Canada released its trade balance data for December earlier this morning, and the data was better than expected. The overall Trade Balance was -$0.4 billion vs -$0.8 billion expected, and an upwardly revised -$1.2 billion. This is the smallest deficit since a surplus in May 2019. After a dovish Bank of Canada meeting on Jan. 23, Canadian data has beat expectations as Retail Sales, PPI and Manufacturing PMI have come out better than expected. However, with fears of a loss of demand of oil because of the coronavirus and a plunge in the price of oil over the last two weeks, the USD/CAD has remained bid.
Last week, we discussed how it may be time for USD/CAD to pull back after a solid advance and resistance ahead. THAT DID NOT HAPPEN!! The pair continued to move higher.
After breaking lower out of the long-term symmetrical triangle, the pair put in lows on December 31st, 2019 near 1.2950 and has been moving higher for the last month! USD/CAD pushed higher above the rising bottom trendline and back into the triangle. The pair also pushed back above the 200 Day Moving Average at 1.3228. USD/CAD is currently up against trendline resistance near 1.3300 with an RSI approaching overbought conditions.
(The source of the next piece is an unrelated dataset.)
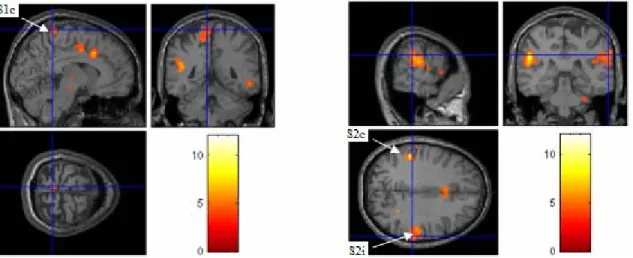 Figure 5-3. Group t map of GLM results for Level-1 stimulation (Threshold of 0.05 FDR  corrected)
On a 240-minute chart, we can see the dovish BOC was the first catalyst to push USD/CAD substantially through resistance to the point where the pair formed a rising wedge at horizontal resistance, just above the 61.8% retracement level from the highs on November 20th to the lows on December 31st. As the price of the Loonie depends a great deal on the price of oil, USD/CAD continued to move higher as the price of oil moved lower. Above the 1.3300 trendline (on the daily), the next resistance level is a confluence of both the downward sloping triangle trendline on the daily and previous highs from November 20th near 1.3330. Horizontal support at the apex of the previously mentioned rising wedge near 1.3222. The level also coincides with the 200 Day Moving Average.
For your reference, below is a daily chart of Crude Futures. Notice the dramatic decline from 66.00 on January 7th (Iran attack on US Bases in Iraq) to yesterdays lows near 49.31. With today’s reversal, USD/CAD is able to pause its ascent.
Although data has been better as of late, the price of crude oil has been the driving force behind the price of USD/CAD over the past month. And the price of Crude Oil has been guided by the fears of loss of demand due to the Coronavirus. On Friday, both Canada and the US will release employment data. If one is substantially better than the other, perhaps crude can pass the baton to economic data as the leader of price.